Tels ces indiens assassinés qui nomadisaient au fil d’une eau qui porte leur mémoire, tels ces crucifiés océaniques de l’ère Pinochet transsubstantiés en coquillages nacrés, Patricio Guzmán invente pour ce film une alchimie qui réconcilie la science et la poésie, le rêve et la connaissance. Comme s’il voulait rendre un hommage en retour au plus cinéaste des philosophes, Gaston Bachelard, qui avait intitulé comme suit son fascinant ouvrage écrit en 1942 : L’Eau et les rêves. Essai sur l’imagination de la matière.

Jacques Mandelbaum, Le Monde

 

Un « Bouton » cousu de fil blanc

 

Le documentaire du Chilien Patricio Guzmán séduit par sa beauté mais abuse de raccourcis historiques gênants.

Pris séparément, presque chaque segment du film est fascinant, original, capable d’interroger ou d’émerveiller.

Seul un grand documentariste peut passionner et émouvoir avec le gros plan d’un bloc de quartz, un filet d’eau qui chante, un iceberg flottant.
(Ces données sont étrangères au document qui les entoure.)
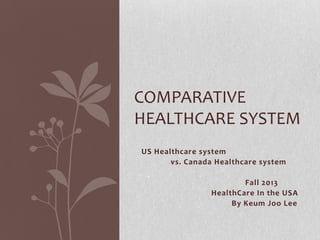 COMPARATIVE
HEALTHCARE SYSTEM
US Healthcare system
vs. Canada Healthcare system

Fall 2013
HealthCare In the USA
By Keum Joo Lee

 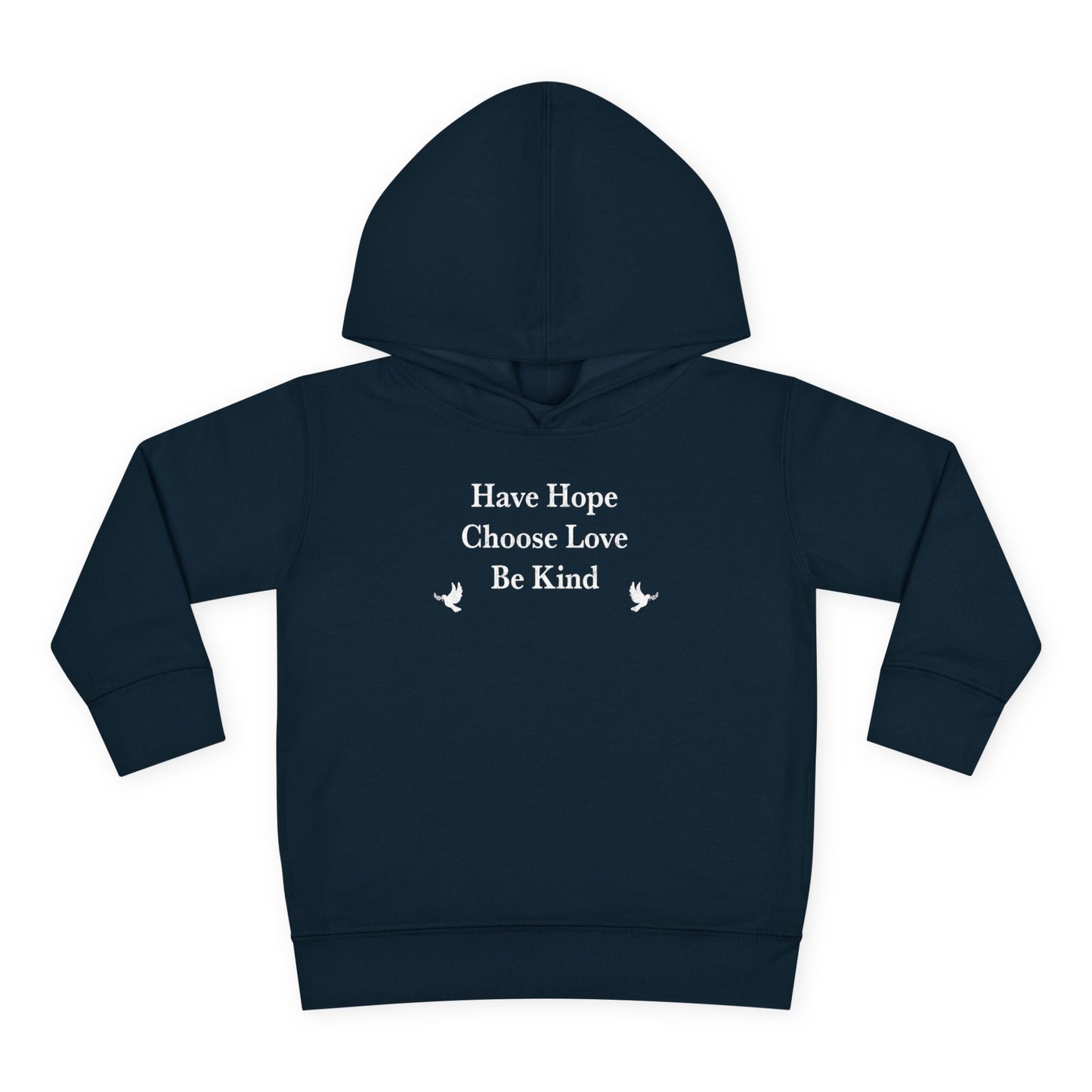 "Have Hope ~ Choose Love ~ Be Kind” Toddler Hoodie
Le Bouton de nacre part de l’eau, apportée des comètes, lien entre la Terre (avec ses habitants) et le cosmos. La mer, interminable frontière du Chili, est vie, mais elle est aussi linceul. Délire pseudo-scientifique ? Peut-être, mais inscrit dans un continuum séduisant, où s’imbriquent la poésie, l’art, la linguistique et la recherche historique.

Pris séparément, presque chaque segment du film est fascinant, original, capable d’interroger ou d’émerveiller. Les derniers survivants des peuples premiers de Patagonie, dont la langue et la vision du monde disparaîtront bientôt avec eux ; les photos prises par les missionnaires au XIXe siècle, témoignages de la splendeur d’une culture qu’ils s’empresseront d’anéantir ; la glaçante reconstitution du modus operandi pour se débarrasser des cadavres des suppliciés sous la dictature de Pinochet. La construction intellectuelle, fluide et virtuose, ne tarde pas pourtant à céder la place à un malaise. Pour lier ces éléments, Patricio Guzmán use de syllogismes. Un exemple : l’île Dawson, où les religieux parquaient les Patagons, sera un siècle plus tard une prison pour les ministres de Salvador Allende. Conclusion : indigènes et partisans de l’Unité populaire sont victimes des mêmes bourreaux. Le raccourci est abrupt et manichéen. Idem avec le bouton de nacre du titre, verroterie irisée que les colons offrent en échange d’un groupe d’aborigènes qu’ils emmènent à Londres en 1830. Par un tour de passe-passe un peu trop voyant, le bouton réapparaîtra pour refermer la boucle (c’est certes la fonction d’un bouton). L’architecture forcée affaiblit le propos, mais ne retire rien à l’obsédant pouvoir de certaines images.